= What this task involves =
Repeat what the lines below say, word for word, and skip every image.

(Captioned web images)
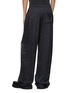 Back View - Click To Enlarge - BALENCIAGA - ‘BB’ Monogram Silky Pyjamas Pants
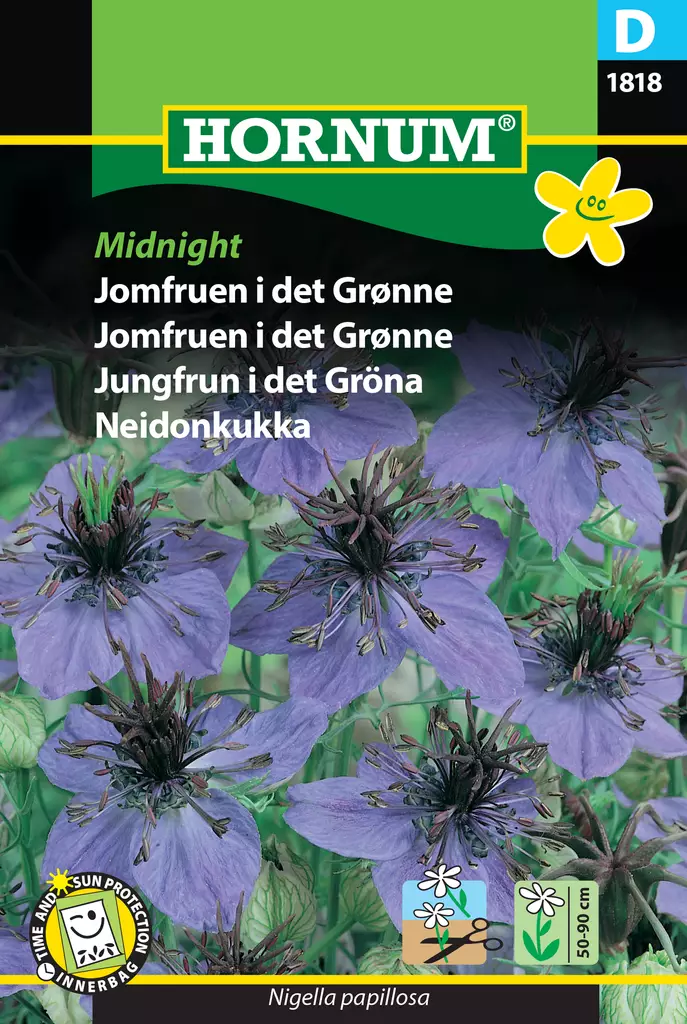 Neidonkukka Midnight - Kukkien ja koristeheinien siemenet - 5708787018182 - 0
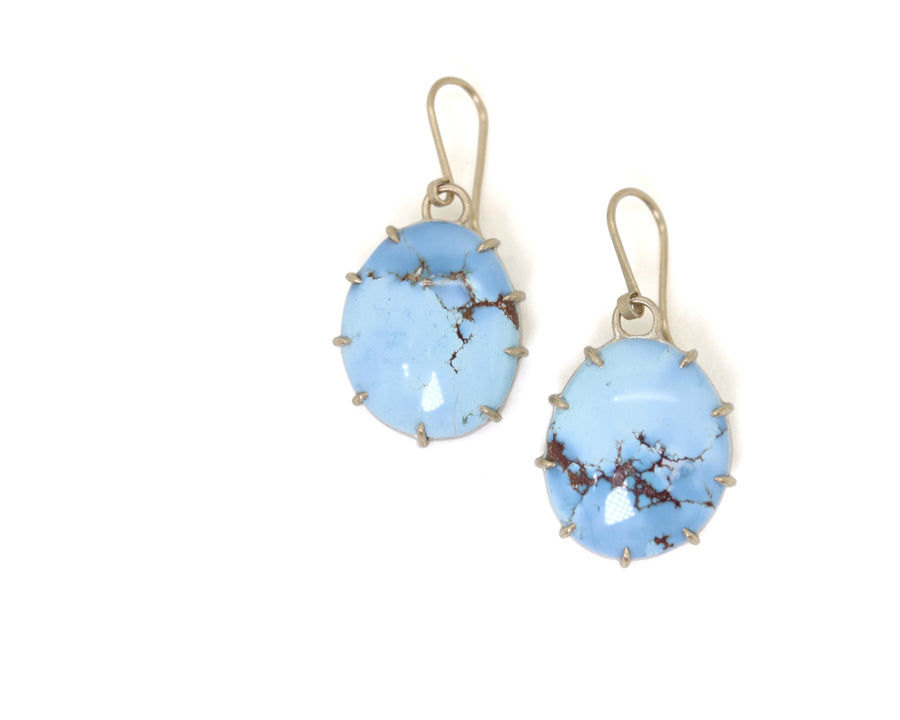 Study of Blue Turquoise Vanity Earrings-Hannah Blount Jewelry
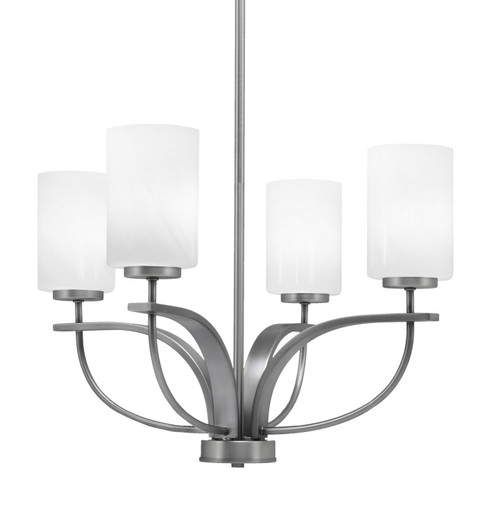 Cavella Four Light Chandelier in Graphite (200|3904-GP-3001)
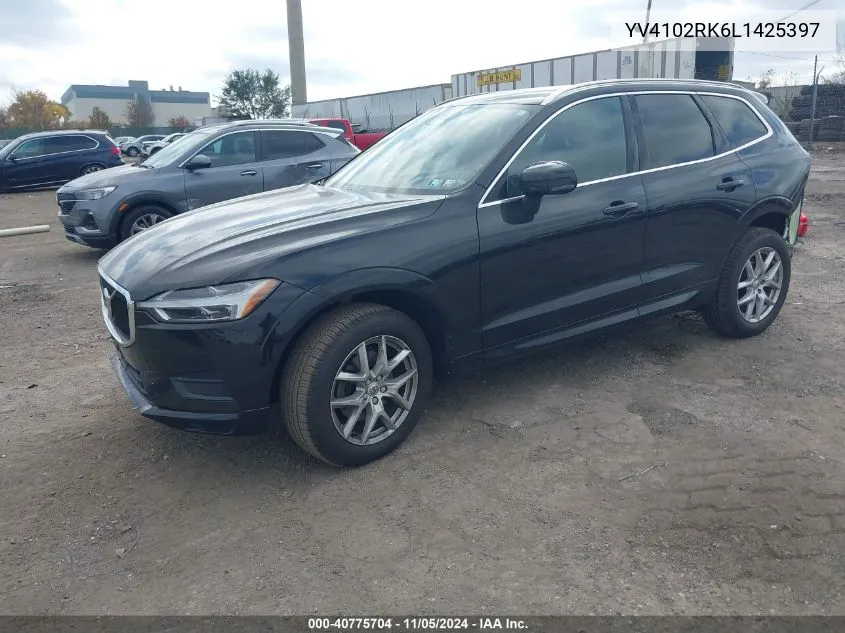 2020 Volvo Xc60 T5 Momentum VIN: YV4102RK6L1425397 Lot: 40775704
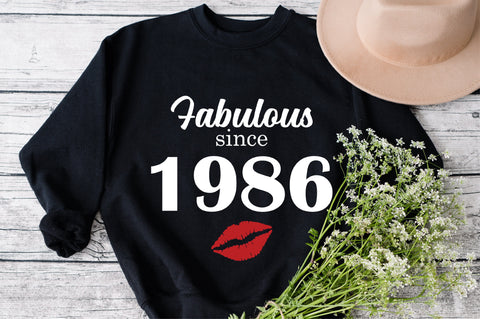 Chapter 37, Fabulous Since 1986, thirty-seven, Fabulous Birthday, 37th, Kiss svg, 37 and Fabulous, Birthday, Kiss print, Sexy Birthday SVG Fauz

= Result of this task =
 Back View - Click To Enlarge - BALENCIAGA - ‘BB’ Monogram Silky Pyjamas Pants
 Neidonkukka Midnight - Kukkien ja koristeheinien siemenet - 5708787018182 - 0
 Study of Blue Turquoise Vanity Earrings-Hannah Blount Jewelry
 Cavella Four Light Chandelier in Graphite (200|3904-GP-3001)
 2020 Volvo Xc60 T5 Momentum VIN: YV4102RK6L1425397 Lot: 40775704
 Chapter 37, Fabulous Since 1986, thirty-seven, Fabulous Birthday, 37th, Kiss svg, 37 and Fabulous, Birthday, Kiss print, Sexy Birthday SVG Fauz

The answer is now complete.